Arnold, and “Her sufferings were so eloquent that I wished myself her

brother, to have a right to become her defender. As it is, I have entreated

her to enable me to give her proofs of my friendship.”

Hamilton misjudged Peggy Arnold; as the catalog notes, she “supported

and assisted her husband’s espionage.” General Washington allowed her

to return to her father’s house in Philadelphia, and early in 1781 she was

reunited with her husband in Loyalist New York. In December of that year

they sailed to England, where they lived together until Arnold’s death in

June 1801. Major John André was hanged.

Autograph letter signed “A Hamilton” to

Elizabeth Hamilton, written from Haverstraw,

New York, August 22, 1781, announcing that

the army is preparing to engage Cornwallis in

Virginia but saying “dont mention [I am] going

to Virgin[ia].” He tells his wife, “I am wretched

at the idea of flying so far from you without a

single hour’s interview to tell you all my pains

and all my love.” Consisting of four pages, 7¾"

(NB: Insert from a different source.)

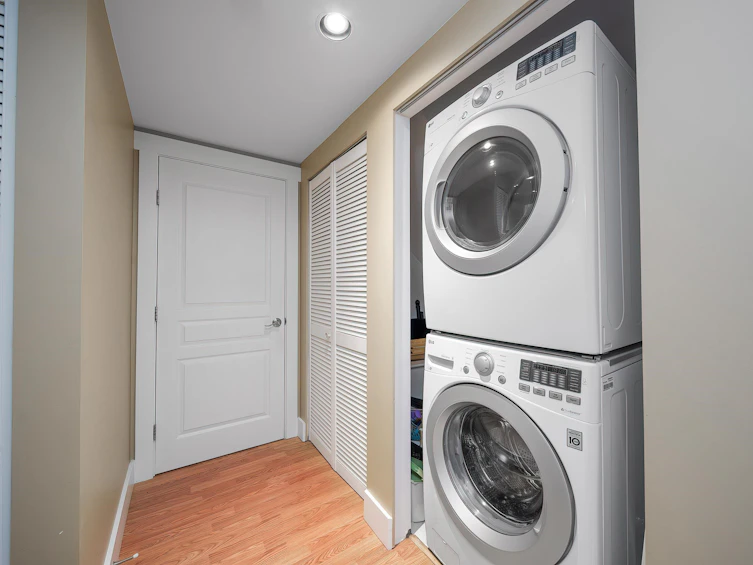 2862 W 22nd Avenue, Vancouver, BC, V6L 1M6 - 9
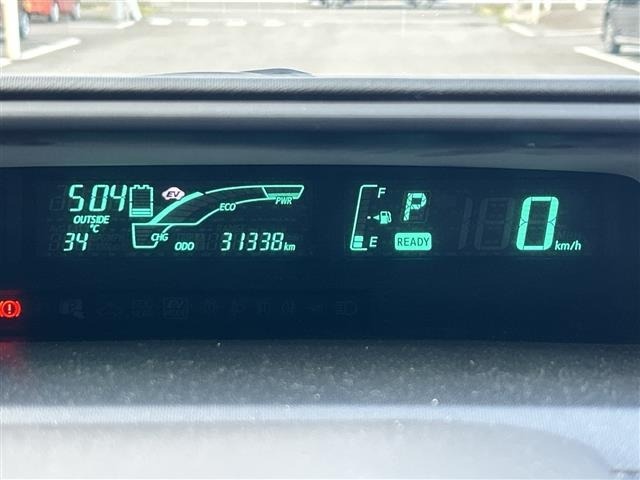 Toyota AQUA 2013 8357872-7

x 6", addressed to Mrs. Hamilton at General

Schuyler’s, Albany, it sold on the phone for

$106,250 (est. $30,000/50,000).

“Every hour in the day I feel a severe pang on

this account and half my nights are sleepless—

Come my charmer and relieve me. Bring

my darling boy to my bosom. Adieu Heaven

bless you & speedily restore you to yr. fond

husband,” writes Hamilton in Philadelphia

in 1783 while serving as a delegate to the

Congress of the Confederation. Hamilton

urged his wife to bring their baby, who was

about to mark his first birthday, and join him

there. It is two pages written on January 8,

1783. There is a small hole costing about six

words. Lightly browned, a little spotted, upper

margin restored, and tipped to a larger sheet,

it sold for $10,625 (est. $6000/8000).

A group of 34 autograph letters by Philip Schuyler, signed (“Ph.

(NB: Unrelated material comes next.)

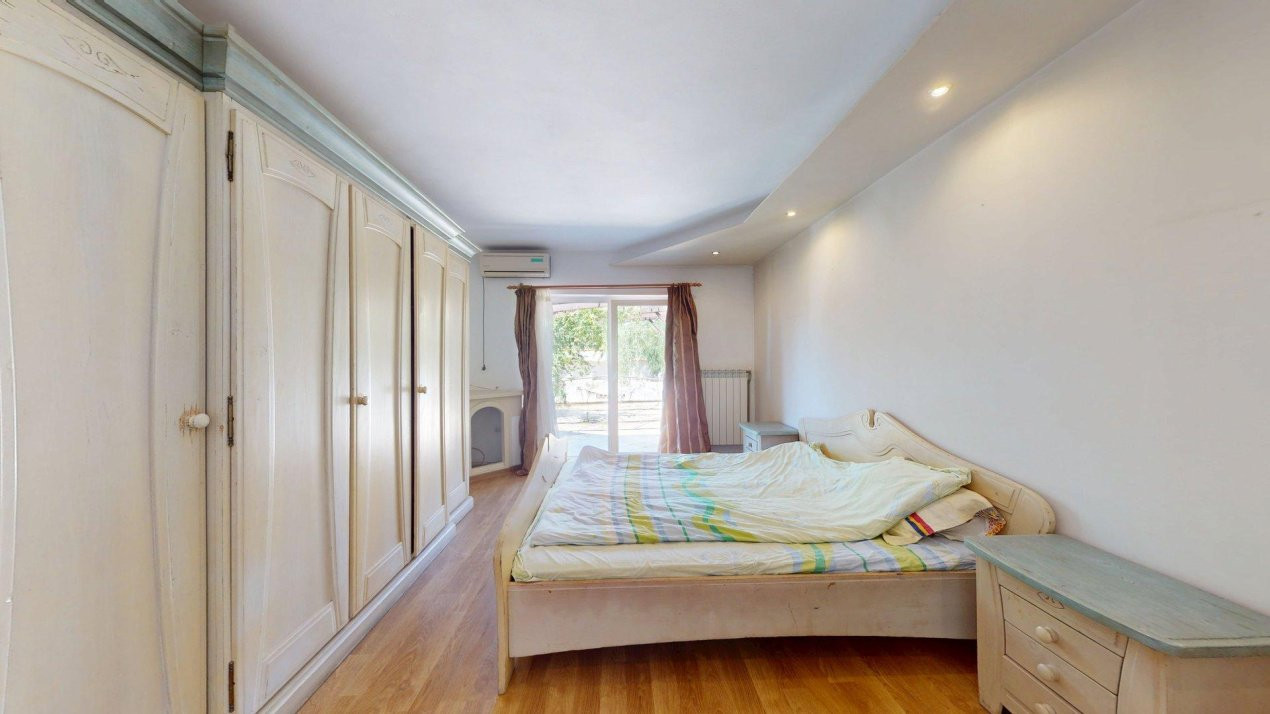 De vanzare Casa  cu 7 camere + Piscina in Zona  Prelungirea Ghencea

Schuyler”), various sizes, many with integral address leaves, 69

total pages, Albany, 1790-1804, to his daughter Elizabeth Schuyler

Hamilton, some seal tears occasionally affecting text, fold separations

(some repaired with cellophane tape), sold for $125,000 on the phone,

underbid by New Jersey dealer Joseph J. Felcone in the salesroom. The

letters show the concern of the patriarch of the Schuyler family for the

Hamiltons during the outbreak of yellow fever in Philadelphia, where

they lived when Hamilton was secretary of the treasury, and in New York.

where he resumed his law practice in 1795. Both Eliza and Alexander did

get yellow fever in the summer of 1793 and were attended by Dr. Edward

Stevens, Hamilton’s boyhood friend from St. Croix, and they recovered.